O 1º de Maio, mais do que uma data no calendário, deveria ser um momento de reflexão profunda sobre aquilo que realmente sustenta uma sociedade próspera: o trabalho. O trabalho digno, produtivo, que gera renda, autonomia e esperança.
Ao longo da história, foram as nações que valorizaram o esforço individual, a livre iniciativa e a produção que alcançaram os melhores índices de desenvolvimento humano. Não é coincidência. Segundo dados do Banco Mundial, países com maiores taxas de emprego formal apresentam também melhores indicadores de educação, saúde e qualidade de vida. O motivo é simples: quando as pessoas trabalham, produzem e recebem de forma justa, toda a sociedade avança.

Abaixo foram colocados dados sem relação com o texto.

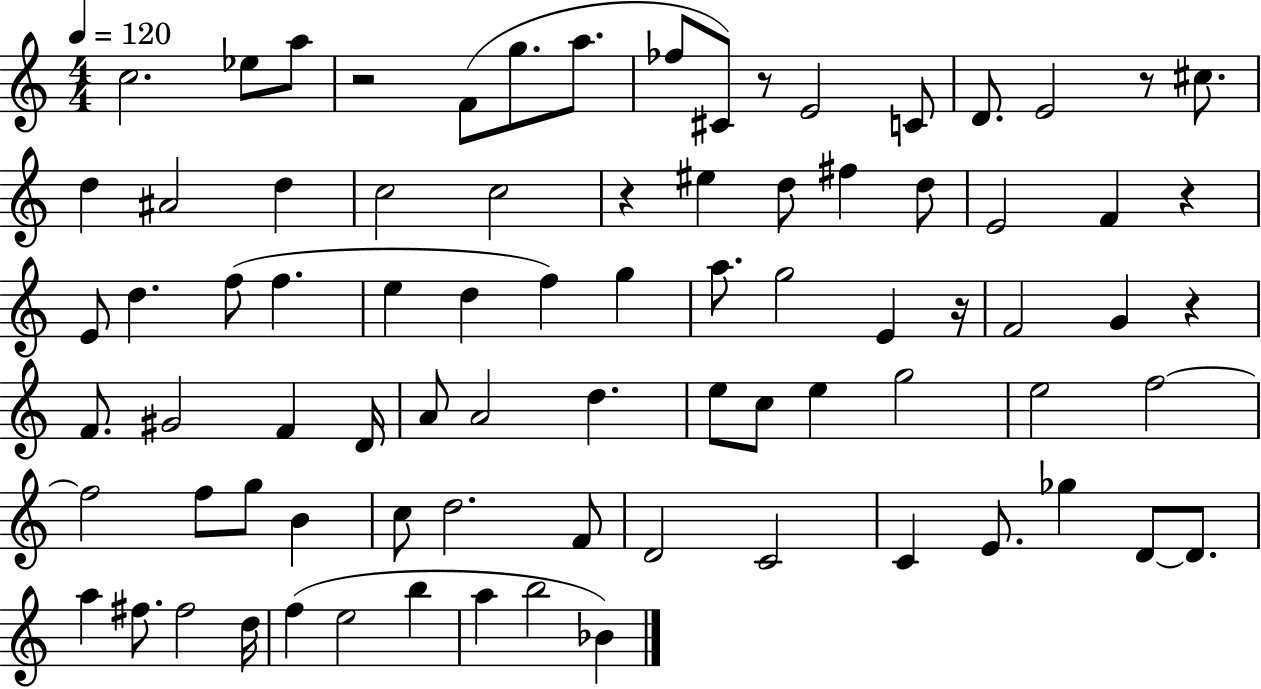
X:1
T:Untitled
M:4/4
L:1/4
K:C
c2 _e/2 a/2 z2 F/2 g/2 a/2 _f/2 ^C/2 z/2 E2 C/2 D/2 E2 z/2 ^c/2 d ^A2 d c2 c2 z ^e d/2 ^f d/2 E2 F z E/2 d f/2 f e d f g a/2 g2 E z/4 F2 G z F/2 ^G2 F D/4 A/2 A2 d e/2 c/2 e g2 e2 f2 f2 f/2 g/2 B c/2 d2 F/2 D2 C2 C E/2 _g D/2 D/2 a ^f/2 ^f2 d/4 f e2 b a b2 _B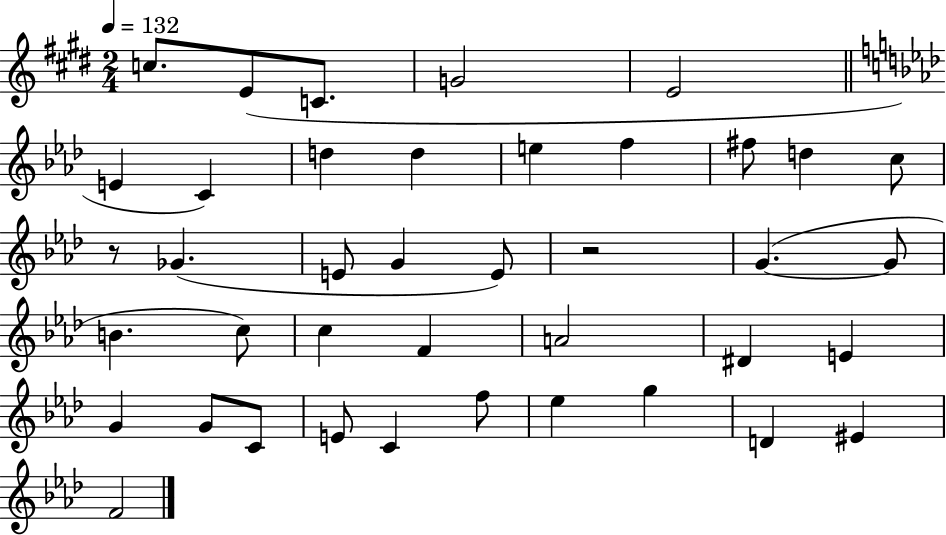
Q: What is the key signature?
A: E major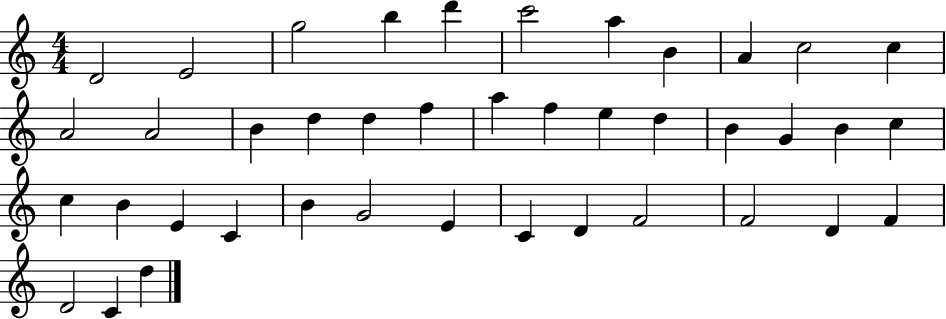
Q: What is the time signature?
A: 4/4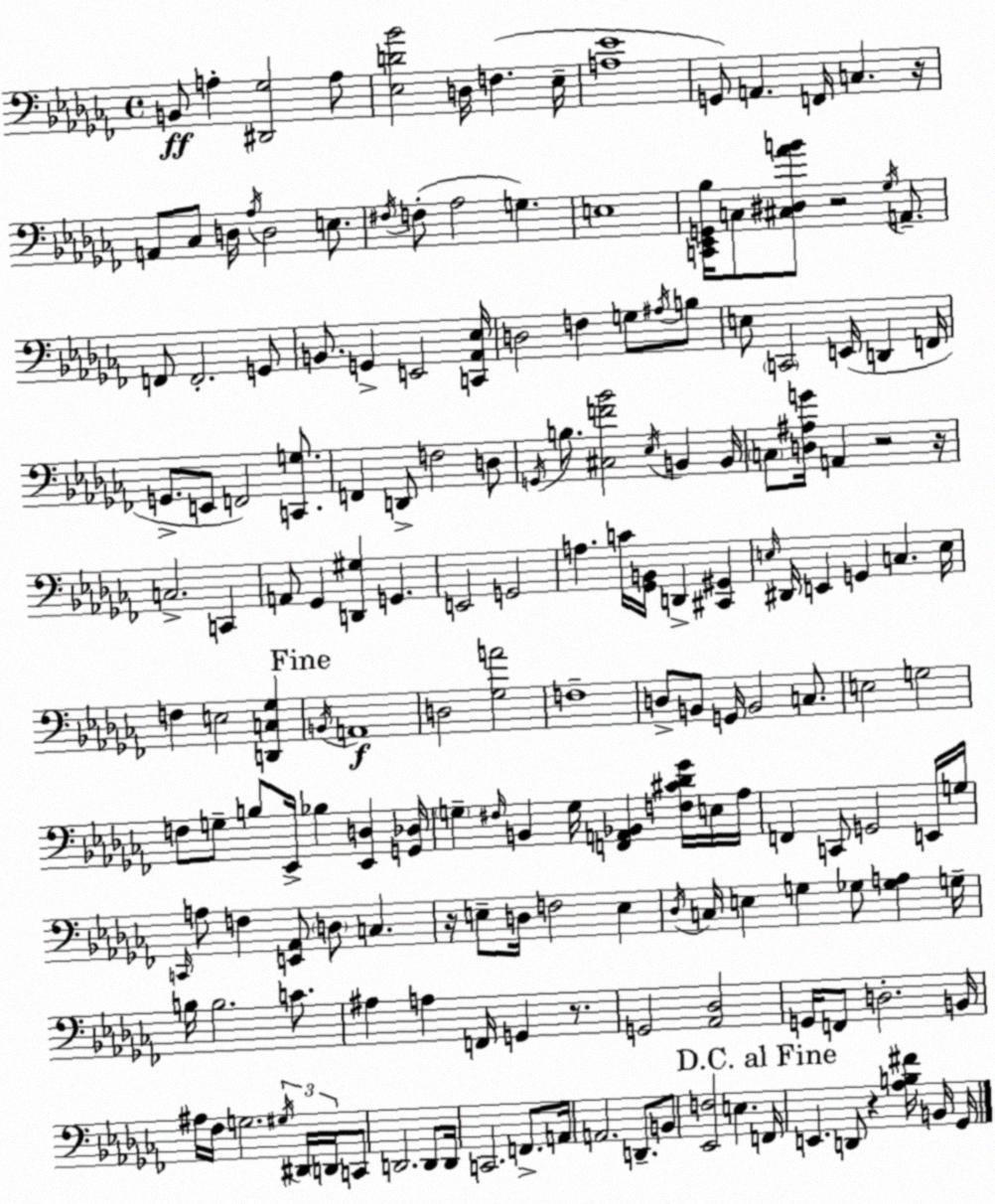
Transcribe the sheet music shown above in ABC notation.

X:1
T:Untitled
M:4/4
L:1/4
K:Abm
B,,/2 A, [^D,,_G,]2 A,/2 [_E,D_B]2 D,/4 F, _E,/4 [A,_E]4 G,,/2 A,, F,,/4 C, z/4 A,,/2 _C,/2 D,/4 _A,/4 D,2 E,/2 ^F,/4 F,/2 _A,2 G, E,4 [C,,_E,,G,,_B,]/4 C,/2 [^C,^D,_AB]/2 z2 _G,/4 A,,/2 F,,/2 F,,2 G,,/2 B,,/2 G,, E,,2 [C,,_A,,_E,]/4 D,2 F, G,/2 ^A,/4 B,/2 E,/2 C,,2 E,,/4 D,, F,,/4 G,,/2 E,,/2 F,,2 [C,,G,]/2 F,, D,,/2 F,2 D,/2 G,,/4 B,/2 [^C,F_B]2 _E,/4 B,, B,,/4 C,/2 [D,^A,G]/4 A,, z2 z/4 C,2 C,, A,,/2 _G,, [D,,^G,] G,, E,,2 G,,2 A, C/4 [_G,,B,,]/4 D,, [^C,,^G,,] E,/4 ^D,,/4 E,, G,, C, E,/4 F, E,2 [D,,C,_G,] B,,/4 A,,4 D,2 [_G,A]2 F,4 D,/2 B,,/2 G,,/4 B,,2 C,/2 E,2 G,2 F,/2 G,/2 B,/2 _E,,/4 _B, [_E,,D,] [G,,_D,]/4 G, ^F,/4 B,, G,/4 [F,,A,,_B,,] [F,^C_D_G]/4 E,/4 _A,/4 F,, C,,/2 G,,2 E,,/4 G,/4 C,,/4 A,/2 F, [E,,_A,,]/2 D,/2 C, z/4 E,/2 D,/4 F,2 E, _D,/4 C,/4 E, G, _G,/2 [_G,A,] G,/4 B,/4 B,2 C/2 ^A, A, F,,/4 G,, z/2 G,,2 [_A,,_D,]2 G,,/4 F,,/2 D,2 B,,/4 ^A,/4 _F,/4 G,2 ^G,/4 ^D,,/4 D,,/4 C,,/2 D,,2 D,,/2 D,,/4 C,,2 F,,/2 A,,/4 A,,2 D,,/2 B,,/2 [_E,,F,]2 E, F,,/4 E,, D,,/2 z [_A,B,^F]/4 B,,/4 _G,,/4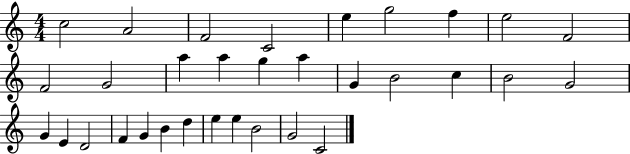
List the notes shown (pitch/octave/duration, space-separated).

C5/h A4/h F4/h C4/h E5/q G5/h F5/q E5/h F4/h F4/h G4/h A5/q A5/q G5/q A5/q G4/q B4/h C5/q B4/h G4/h G4/q E4/q D4/h F4/q G4/q B4/q D5/q E5/q E5/q B4/h G4/h C4/h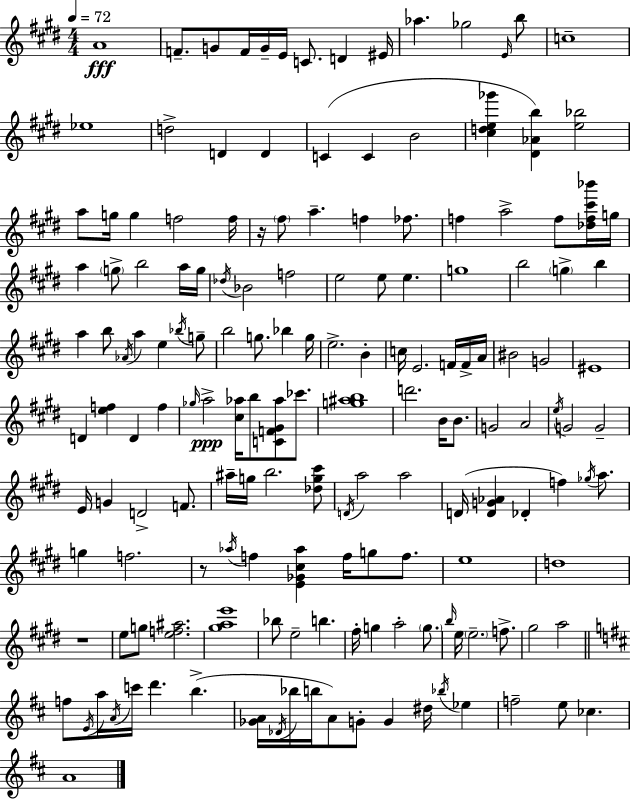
{
  \clef treble
  \numericTimeSignature
  \time 4/4
  \key e \major
  \tempo 4 = 72
  \repeat volta 2 { a'1\fff | f'8.-- g'8 f'16 g'16-- e'16 c'8. d'4 eis'16 | aes''4. ges''2 \grace { e'16 } b''8 | c''1-- | \break ees''1 | d''2-> d'4 d'4 | c'4( c'4 b'2 | <cis'' d'' e'' ges'''>4 <dis' aes' b''>4) <e'' bes''>2 | \break a''8 g''16 g''4 f''2 | f''16 r16 \parenthesize fis''8 a''4.-- f''4 fes''8. | f''4 a''2-> f''8 <des'' f'' cis''' bes'''>16 | g''16 a''4 \parenthesize g''8-> b''2 a''16 | \break g''16 \acciaccatura { des''16 } bes'2 f''2 | e''2 e''8 e''4. | g''1 | b''2 \parenthesize g''4-> b''4 | \break a''4 b''8 \acciaccatura { aes'16 } a''4 e''4 | \acciaccatura { bes''16 } g''8-- b''2 g''8. bes''4 | g''16 e''2.-> | b'4-. c''16 e'2. | \break f'16 f'16-> a'16 bis'2 g'2 | eis'1 | d'4 <e'' f''>4 d'4 | f''4 \grace { ges''16 } a''2->\ppp <cis'' aes''>16 b''8 | \break <c' f' gis' aes''>8 ces'''8. <g'' ais'' b''>1 | d'''2. | b'16 b'8. g'2 a'2 | \acciaccatura { e''16 } g'2 g'2-- | \break e'16 g'4 d'2-> | f'8. ais''16-- g''16 b''2. | <des'' g'' cis'''>8 \acciaccatura { d'16 } a''2 a''2 | d'16( <d' g' aes'>4 des'4-. | \break f''4) \acciaccatura { ges''16 } a''8. g''4 f''2. | r8 \acciaccatura { aes''16 } f''4 <e' ges' cis'' aes''>4 | f''16 g''8 f''8. e''1 | d''1 | \break r1 | e''8 g''8 <e'' f'' ais''>2. | <gis'' a'' e'''>1 | bes''8 e''2-- | \break b''4. fis''16-. g''4 a''2-. | \parenthesize g''8. \grace { b''16 } e''16 \parenthesize e''2.-- | f''8.-> gis''2 | a''2 \bar "||" \break \key d \major f''8 \acciaccatura { e'16 } a''16 \acciaccatura { a'16 } c'''16 d'''4. b''4.->( | <ges' a'>16 \acciaccatura { des'16 } bes''16 b''16 a'8) g'8-. g'4 dis''16 \acciaccatura { bes''16 } | ees''4 f''2-- e''8 ces''4. | a'1 | \break } \bar "|."
}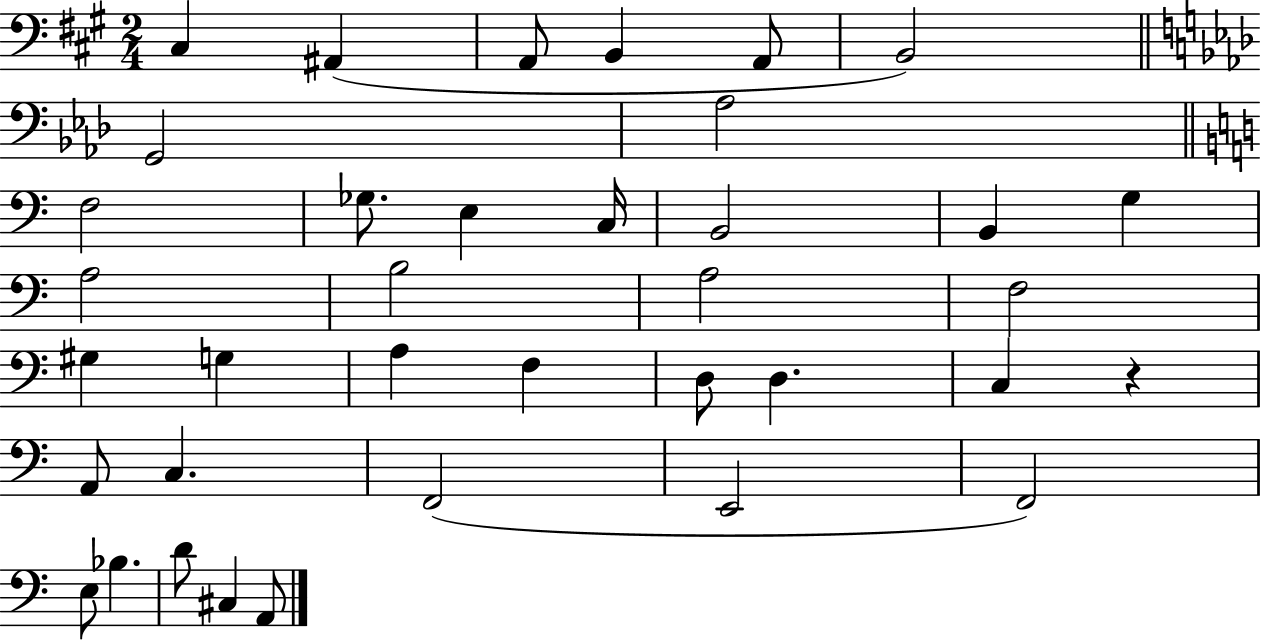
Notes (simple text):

C#3/q A#2/q A2/e B2/q A2/e B2/h G2/h Ab3/h F3/h Gb3/e. E3/q C3/s B2/h B2/q G3/q A3/h B3/h A3/h F3/h G#3/q G3/q A3/q F3/q D3/e D3/q. C3/q R/q A2/e C3/q. F2/h E2/h F2/h E3/e Bb3/q. D4/e C#3/q A2/e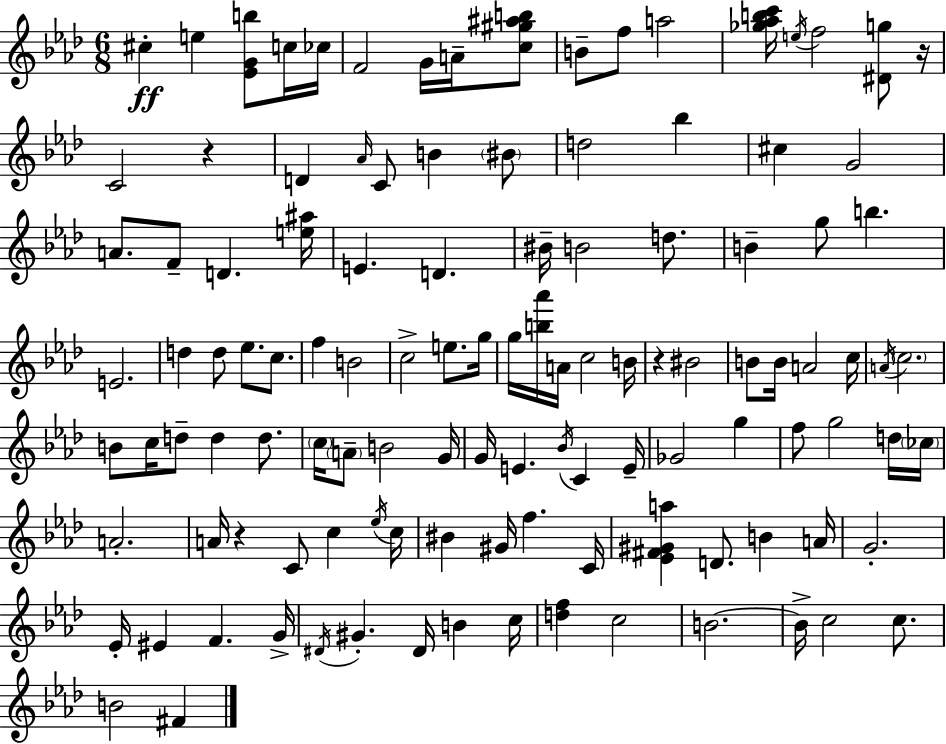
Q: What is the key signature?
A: AES major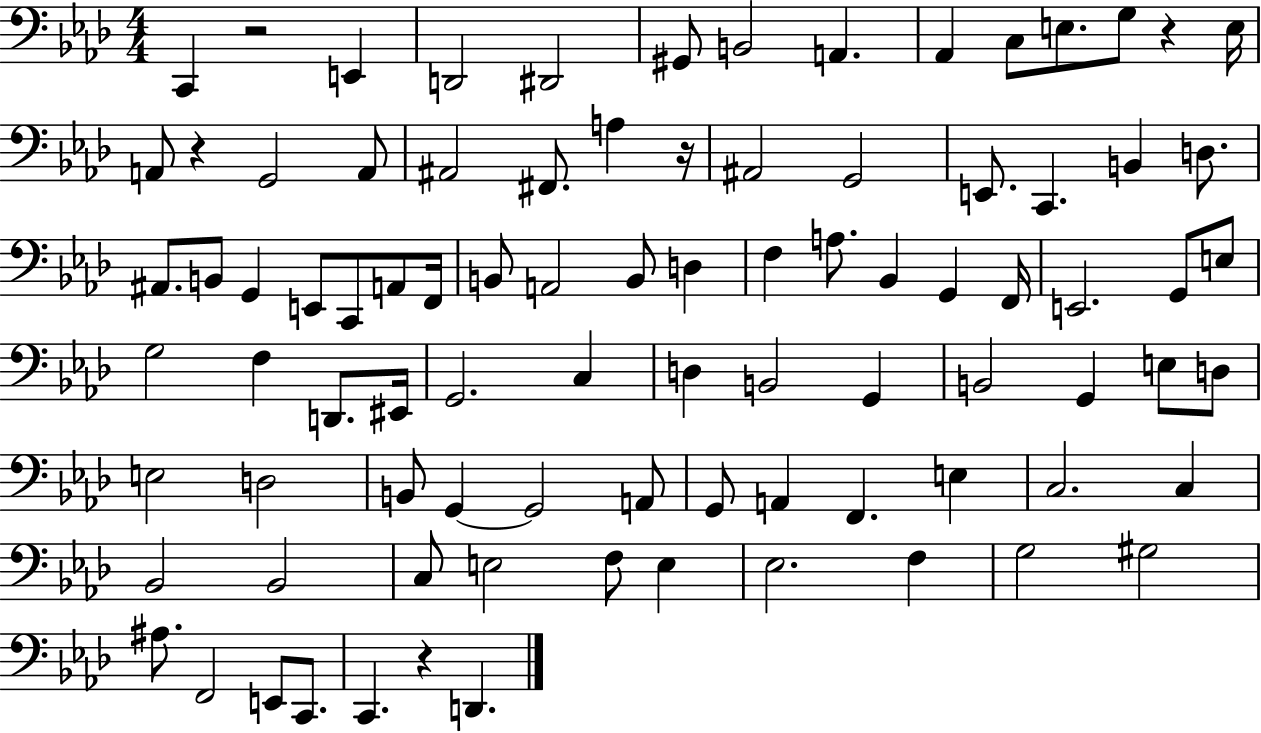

O trabalho é mais do que salário. É identidade, é pertencimento, é dignidade. É o que permite a um pai ou mãe sustentar sua família, planejar o futuro, investir na educação dos filhos e sonhar mais alto. É o que dá sentido ao esforço diário e transforma o crescimento econômico em melhoria real de vida.
Por isso, é preciso ter coragem para enfrentar um debate essencial: o Brasil precisa escolher entre incentivar o trabalho ou perpetuar a dependência. Programas assistenciais têm seu papel em momentos de vulnerabilidade, mas não podem se transformar em política permanente de governo, como acontece hoje no Brasil. Quando o assistencialismo substitui o incentivo ao emprego, ele limita o potencial das pessoas e enfraquece a economia. Além disso, sobrecarrega o peso de quem trabalha e paga esse modelo.
Dados do IBGE mostram que mais de 38 milhões de brasileiros estão na informalidade. Isso significa menos direitos, menos segurança e mais problemas futuros. Ao mesmo tempo, a carga tributária sobre a folha de pagamento no Brasil está entre as mais altas do mundo. O resultado é perverso: contratar formalmente custa caro para o empregador e sobra pouco para o trabalhador.
Se queremos um país mais justo, precisamos inverter essa lógica. Reduzir impostos sobre o trabalho formal não é benefício para empresários — é justiça para quem produz, e é segurança para quem trabalha. Significa mais empregos com carteira assinada, salários melhores e mais dinheiro no bolso das pessoas.
Imagine um Brasil onde o trabalhador receba mais pelo seu esforço. Onde ele possa não apenas pagar contas, mas viver melhor: estudar, viajar, cuidar da saúde, passar tempo com a família e buscar novos horizontes. Isso não é utopia. É consequência direta de uma economia forte, com regras claras e incentivo à produção.
O verdadeiro desenvolvimento não vem da distribuição de renda sem geração de riqueza. Ele nasce do crescimento sustentável, da valorização do empreendedorismo e do respeito ao trabalho.
Neste 1º de Maio, é hora de resgatar o sentido real dessa data. Não como símbolo de luta ideológica, mas como celebração de quem constrói o país todos os dias. Do trabalhador que acorda cedo, enfrenta desafios e não desiste.
Defender o trabalho é defender a liberdade. É acreditar que cada pessoa deve ter a oportunidade de crescer pelo próprio mérito, com dignidade e autonomia.
E é essa visão que precisa guiar o Brasil rumo a um futuro melhor.